___ RECORDS SHOWN

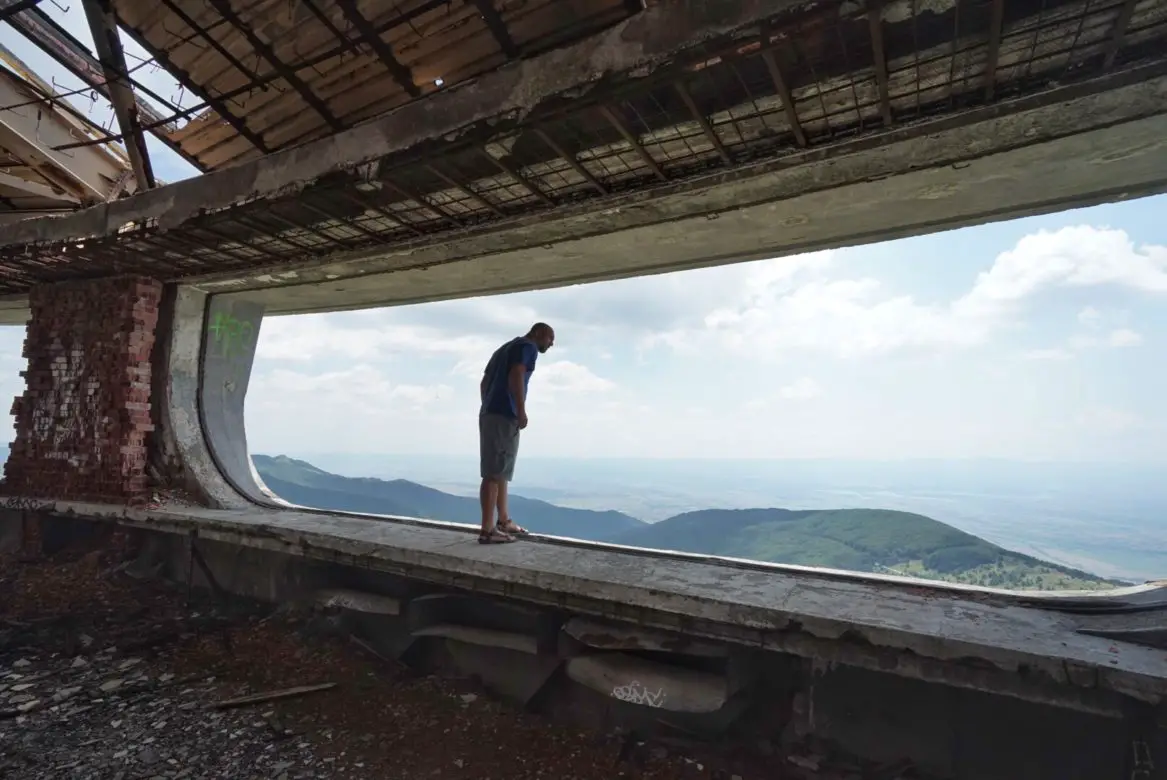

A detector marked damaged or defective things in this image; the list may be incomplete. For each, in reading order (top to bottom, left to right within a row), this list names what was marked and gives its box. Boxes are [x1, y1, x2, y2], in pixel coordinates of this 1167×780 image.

rusty metal bar [205, 0, 343, 130]
rusty metal bar [427, 162, 504, 216]
rusty metal bar [536, 127, 611, 193]
rusty metal bar [602, 103, 667, 180]
rusty metal bar [676, 81, 728, 165]
rusty metal bar [760, 46, 807, 147]
rusty metal bar [868, 1, 891, 124]
rusty metal bar [984, 0, 1003, 100]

______

● **ABOUT THIS TASK**: Everything in the material above is to be reproduced exactly, pictures aside.

● **OUTPUT FOR THIS EXERCISE**:
A detector marked damaged or defective things in this image; the list may be incomplete. For each, in reading order (top to bottom, left to right within a row), this list names what was marked and gives its box. Boxes are [x1, y1, x2, y2], in pixel coordinates of this 1167×780 image.

rusty metal bar [205, 0, 343, 130]
rusty metal bar [427, 162, 504, 216]
rusty metal bar [536, 127, 611, 193]
rusty metal bar [602, 103, 667, 180]
rusty metal bar [676, 81, 728, 165]
rusty metal bar [760, 46, 807, 147]
rusty metal bar [868, 1, 891, 124]
rusty metal bar [984, 0, 1003, 100]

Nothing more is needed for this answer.